Automatisation de l’injection de coagulant
Mise en service des pompes doseuses et suivi de l’asservissement
Le réglage du taux de coagulant à injecter lors du traitement nécessite au préalable la détermination quotidienne, par analyse chimique, de la valeur de l’oxydabilité au permanganate de potassium.
Or cette valeur étant corrélée à l’absorbance
[Photo : Performance de la Régulation Automatique]
à 254 nm lu par l’analyseur CT100, il est donc possible d’asservir directement la distribution du coagulant à la mesure automatique de l’absorbance grâce à des pompes doseuses dont le débit est proportionnel à un courant d’entrée. Le signal de sortie 4-20 mA délivré par l’analyseur, en fonction de l’absorbance de l’eau brute à l’entrée de l’usine, pilote la distribution du coagulant en agissant proportionnellement sur la vitesse du moteur des pompes doseuses. L’analyseur CT100 effectue une mesure suivant la fréquence paramétrée par l’utilisateur et délivre un courant de sortie proportionnel, maintenu jusqu’à la mesure suivante, pilotant ainsi le fonctionnement des pompes qui débitent un taux de sulfate proportionnel à la charge en matières organiques.
Résultats
Afin de contrôler la fiabilité de cet automatisme et vérifier l’adéquation du taux de coagulant appliqué, des mesures de DCO, au permanganate de potassium (KMnO₄), ont été réalisées régulièrement sur eau brute et eau décantée.
Les résultats, représentés sur la figure 3, ont été très satisfaisants pendant toute la période d’asservissement. Le taux de matières organiques sur une eau décantée est resté faible (autour de 3 mg/l) malgré de fortes variations de matière organique sur l’eau brute.
L’eau traitée était de bonne qualité, elle est restée faiblement chargée, taux de matières organiques inférieur à 1,5 mg/l, ce qui signifie que le taux de sulfate d’aluminium injecté était suffisant.
Conclusion
Les résultats montrent que l’utilisation de l’absorption UV comme outil de régulation de l’injection du coagulant suivant le taux de matières organiques analysé s’avère très satisfaisante et présente les avantages spécifiques suivants :
- - maintien de la qualité de l’eau traitée par réaction immédiate 24 h/24 à toute variation de l’eau brute ;
- - élimination du risque de colmatage des filtres secondaires ;
- - économie de coagulant ;
- - abaissement du taux d’aluminium en eau traitée.

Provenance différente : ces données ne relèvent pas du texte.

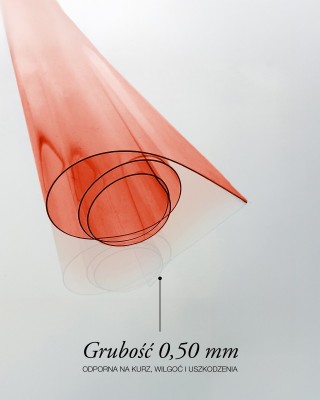 Folia PCV techniczna przezroczysta czerwona 0,50 mm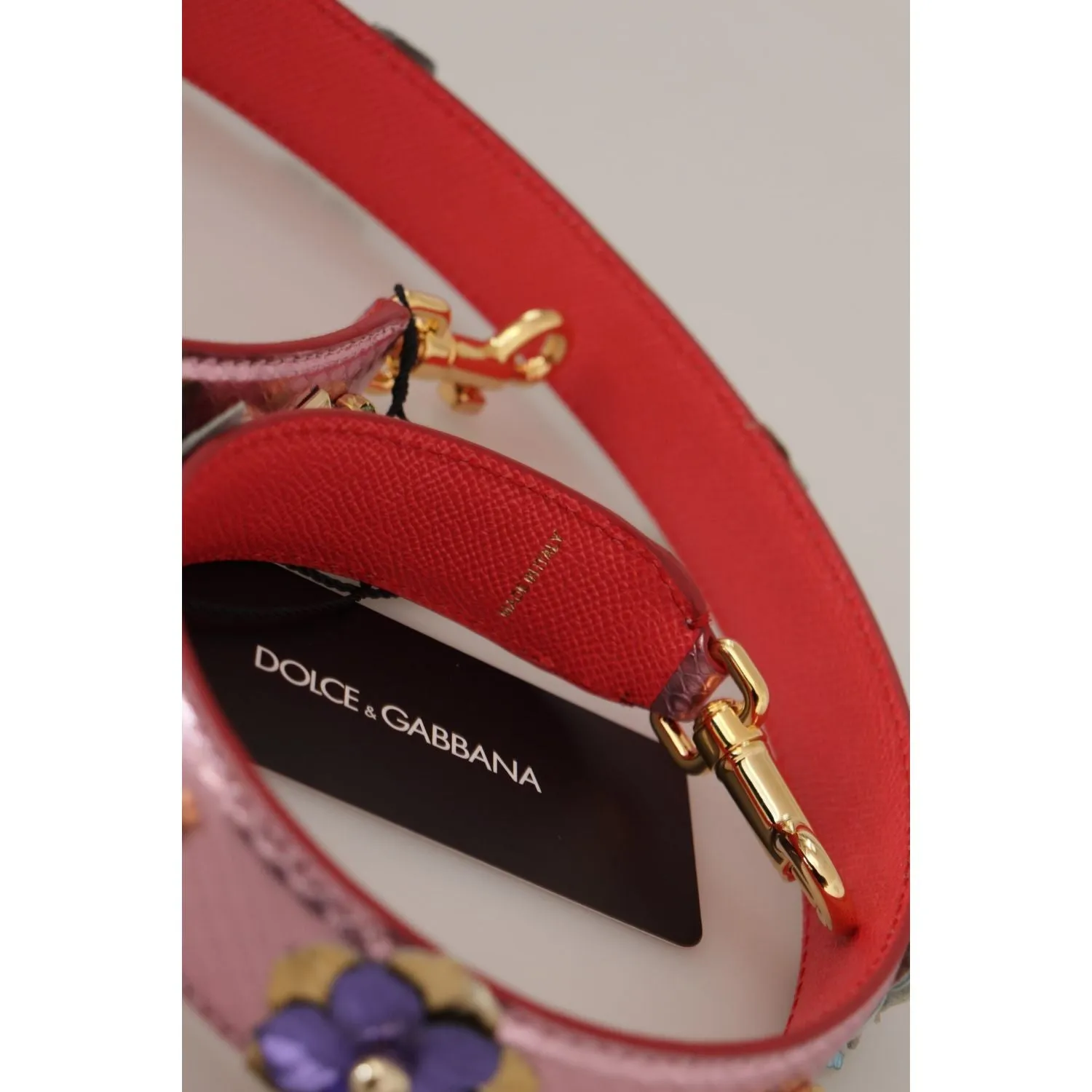Dolce & Gabbana Elegant Metallic Pink Leather Shoulder Strap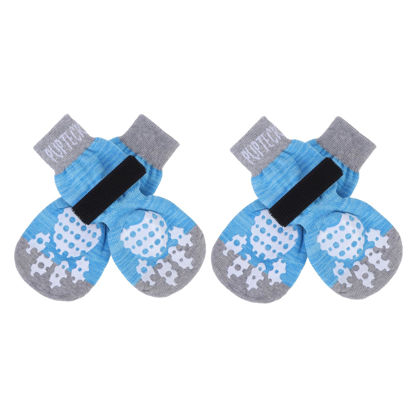 Picture of PUPTECK Anti-Slip Dog Socks with Double Sides Grips for Small Medium Large Dogs Hardwood Floors Prevents Licking, Dog Shoes for Hot Pavement Traction Control Paw Protector for Senior Dogs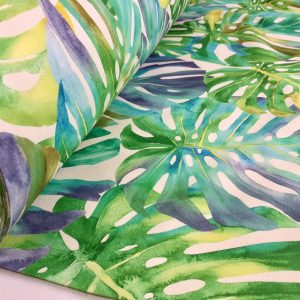 Tropical Palm Leaves Fabric Leaf Print Cotton Material Home Decor Curtains Upholstery - 140cm wide - Purple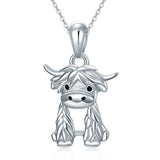 Highland Cow Necklace Sterling Silver Heart Cow Pendant Charm Jewelry Gifts for Women Girls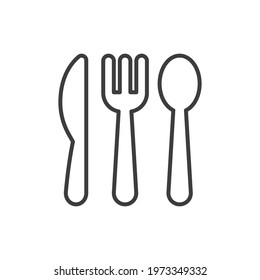 Cutlery line icon. Simple outline style. Flatware, spoon, fork, steak knife, plate, restaurant concept. Vector illustration isolated on white background. EPS 10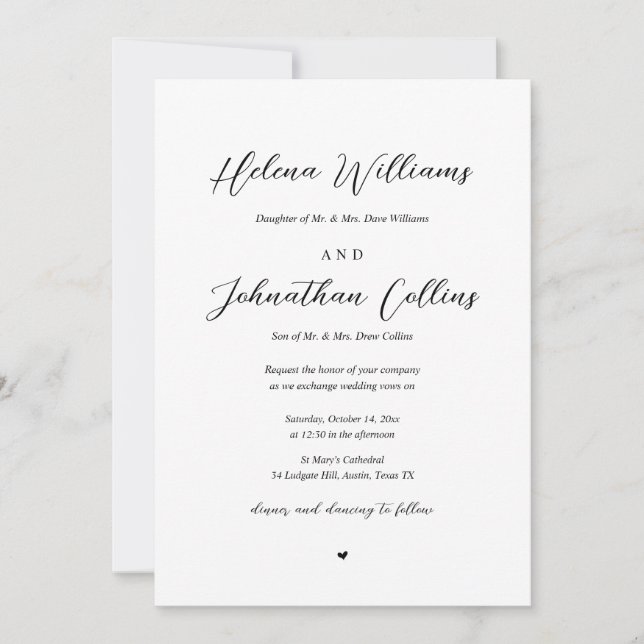 Bride and Groom Church Wedding, with Parents Invitation (Front)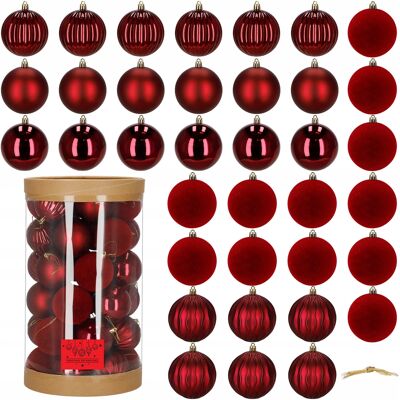 Springos Bombki Choinkowe 36x Bordowe Zamszowe Choinkę Nietłukące Świąteczne Ozdoby Springos Bombki Choinkowe 36x Bordowe Zamszowe Choinkę Nietłukące Świąteczne Ozdoby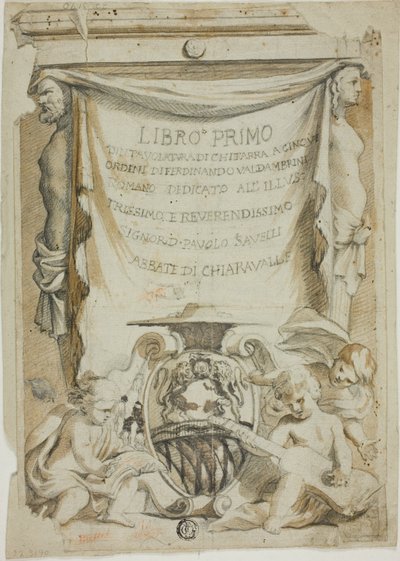 Ontwerp voor titelpagina voor gitaarhandboek door Ferdinando Valdambrini door Unknown Italian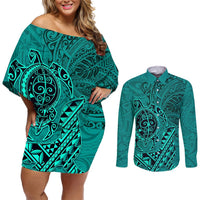Hawaii Monk Seal and Dolphin Couples Matching Off Shoulder Short Dress and Long Sleeve Button Shirt Polynesian Kakau Pattern Turquoise LT03 Turquoise - Polynesian Pride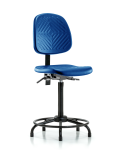 Polyurethane Chair with Round Tube Base - High Bench Height with Medium Back & Stationary Glides in Blue Polyurethane PHBCH-MB-RT-T0-A0-RG-BLU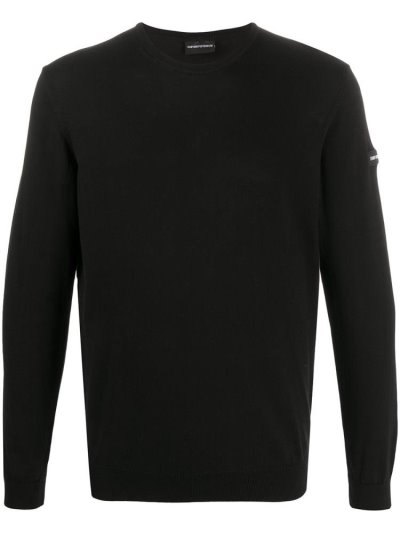 Black Armani Emporio Fine Knit Round Neck Men's Jumpers | UAE63860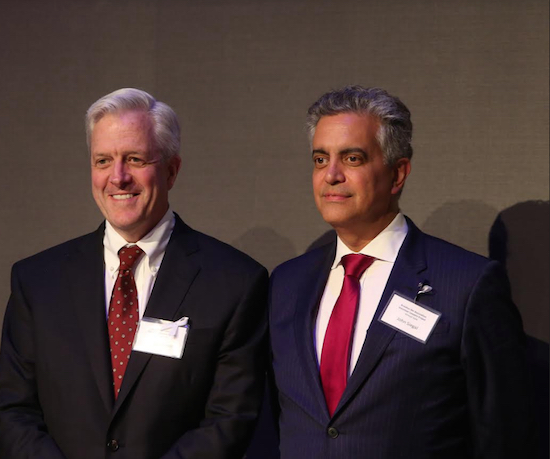 The Brooklyn Volunteer Lawyers Project hosted its annual awards gala at the Brooklyn Academy of Music during which Carey R. Dunne (left), general counsel in the Manhattan District Attorney’s Office; and John Siegal (right), a partner at BakerHostetler, were honored. Eagle photos by Andy Katz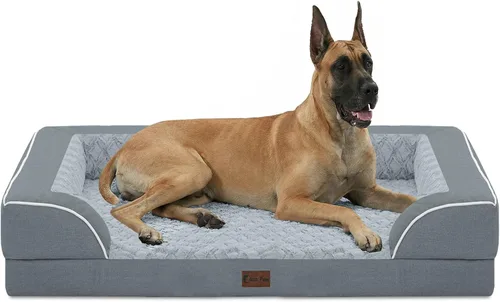 Vista 121 de Camas ortopédicas para perros grandes, cama de espuma viscoelástica impermeable para mascotas grandes con lados 89x56 cm, sofá para perros grandes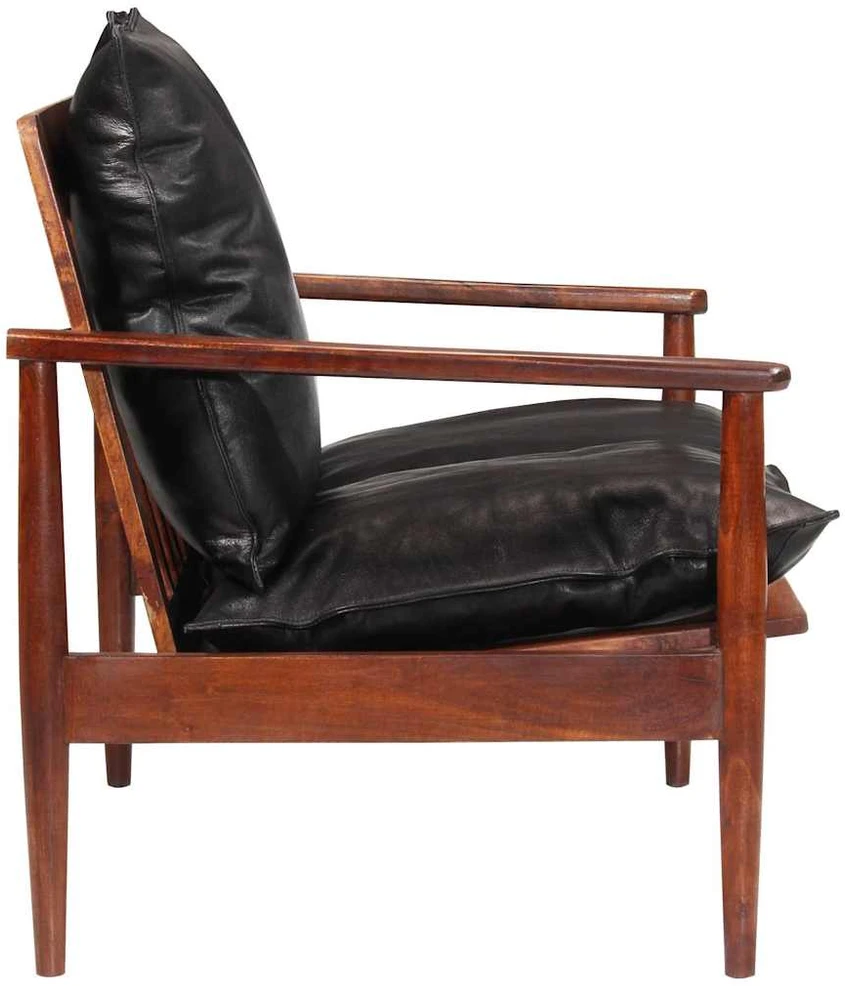 Dvivietė sofa, juodos spalvos, tikra oda ir akacijos masyvas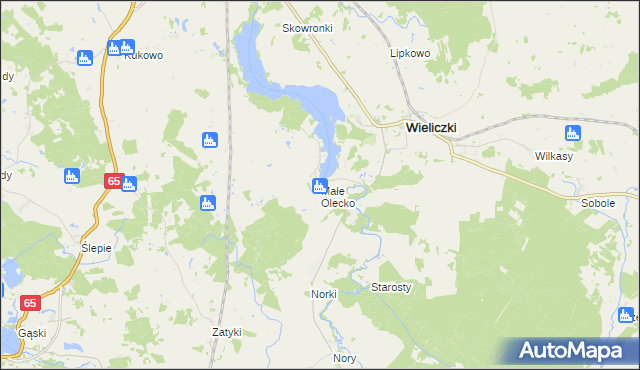 mapa Małe Olecko, Małe Olecko na mapie Targeo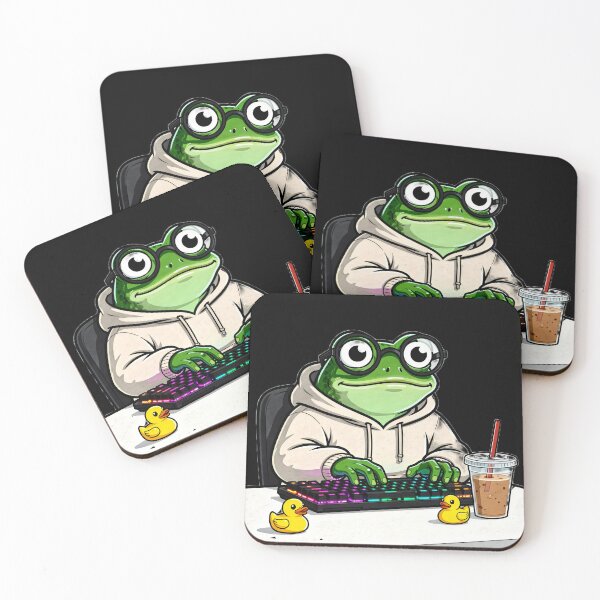 Item preview, Cute Frog Coding On Mechanical Keyboard Programmer Meme designed and sold by ValhallaHub.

L’investissement de l’appareillage de mesure est rapidement rentabilisé par les économies de coagulant et le gain de temps en intervention et réglage sur la station.
Ce type de régulation de coagulant a déjà été étendu à une dizaine de stations de traitement d’eau de la Compagnie Générale des Eaux dans la région Bretagne-Normandie en raison des avantages cités plus haut.